In this sense, the grid carbon intensity at a given moment can be interpreted as a proxy for the scarcity value of clean energy at that time. When zero-emission renewable electricity is introduced, the prevailing grid carbon intensity effectively defines the magnitude of emissions avoided.

It should be noted, however, that there is an ongoing methodological discussion regarding whether average emission factors or marginal emission factors should be used. From a theoretical standpoint, marginal emission factors more accurately capture the actual displacement effect, and thus may be preferable for precise accounting.

Batteries as a Mechanism for Shifting the Emission Avoidance Factor

This is where the role of batteries becomes critical.

Batteries enable the temporal relocation of renewable energy—from periods of low scarcity to periods of high scarcity.

Consider the following simplified example:

• Daytime grid carbon intensity: 0.3 kg-CO₂/kWh
• Nighttime grid carbon intensity: 0.6 kg-CO₂/kWh

During the day, renewable energy is plentiful, and its incremental contribution yields a relatively modest emissions avoidance of 0.3 kg-CO₂ per kWh. However, during the night, when renewables are scarce, the same unit of renewable electricity would avoid 0.6 kg-CO₂ per kWh.

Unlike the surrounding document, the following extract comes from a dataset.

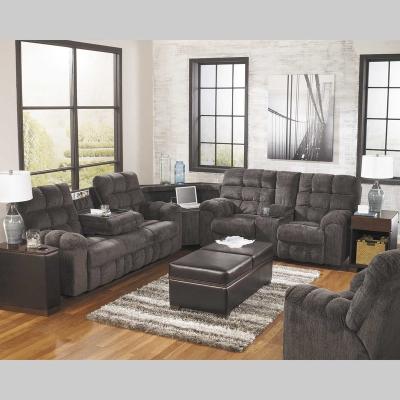 China Wholesale Gray Custom Modern Sectional Home Sofa 1 Foldable 2 3 Reclining Sofa Set 7 Seater Living Room Furniture Soft Cover for sale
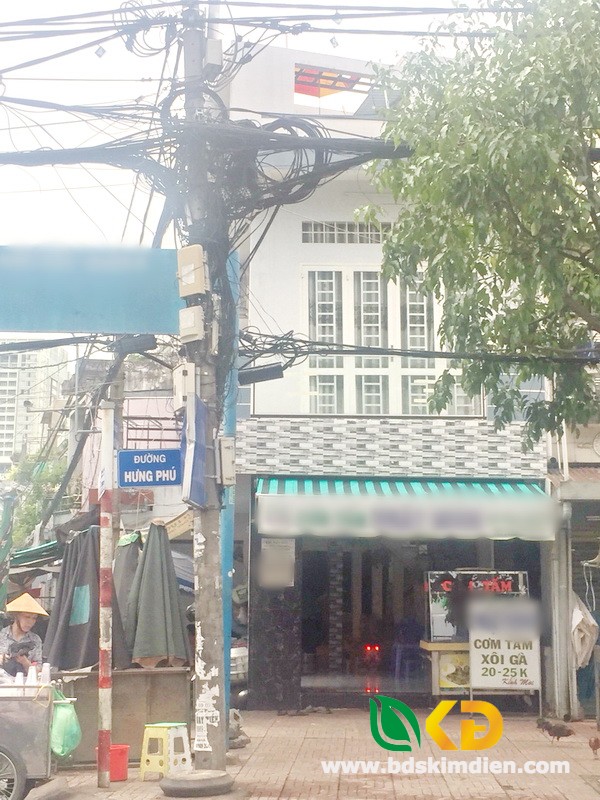 Bán nhà 2 mặt tiền đường Hưng Phú Phường 8 Quận 8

By charging a battery during the day and discharging it at night, the system effectively shifts renewable energy from a low-impact period to a high-impact period. As a result, the emission avoidance factor associated with that energy increases from 0.3 to 0.6 kg-CO₂/kWh.

The incremental benefit can be expressed as:

• Increase in emission avoidance factor = 0.6 − 0.3 = 0.3 kg-CO₂/kWh

Importantly, this does not mean that the battery changes the intrinsic emissions of the electricity itself. Rather, it changes when the emissions are avoided, thereby increasing the overall impact of renewable deployment.

Implications for Corporate Emissions Accounting

This mechanism has direct implications for large electricity consumers subject to Scope 2 reporting obligations.

Under a location-based methodology with temporal granularity, emissions are calculated as:

• Emissions = Σ (time-specific grid emission factor × electricity consumption at that time)

In this framework, reducing consumption during high-carbon periods—or substituting it with stored low-carbon electricity—directly lowers total reported emissions.

For example, in an on-site configuration combining solar PV and battery storage:

• Renewable electricity is generated and stored during the day
• The stored electricity is consumed at night
• High-carbon grid electricity is avoided during peak emission periods

In this case, the battery does more than simply store energy—it amplifies the emissions reduction effect by aligning consumption with periods of higher marginal impact.

Batteries as “Time-Shifting Devices” for Emission Avoidance

From a location-based perspective, batteries can be understood as devices that shift not only energy, but emission avoidance potential across time.

• They capture renewable energy when its marginal value is low
• They deploy it when its marginal value is high
• They thereby increase the effectiveness of each unit of clean electricity

In this sense, batteries function as “time-shifting devices” for emission avoidance.

Concluding Remarks

As temporal granularity becomes embedded in carbon accounting frameworks, the role of batteries will extend beyond traditional market functions. Their ability to enhance the timing of emissions reductions positions them as critical infrastructure for decarbonization.

While much of the current discourse focuses on market-based mechanisms such as hourly matching, the location-based dimension—particularly through the lens of emission avoidance factors—offers an equally important, yet underexplored, pathway for value creation.

Understanding this second dimension of the “time-shifting effect” is essential for accurately assessing the full contribution of battery storage in a decarbonizing power system.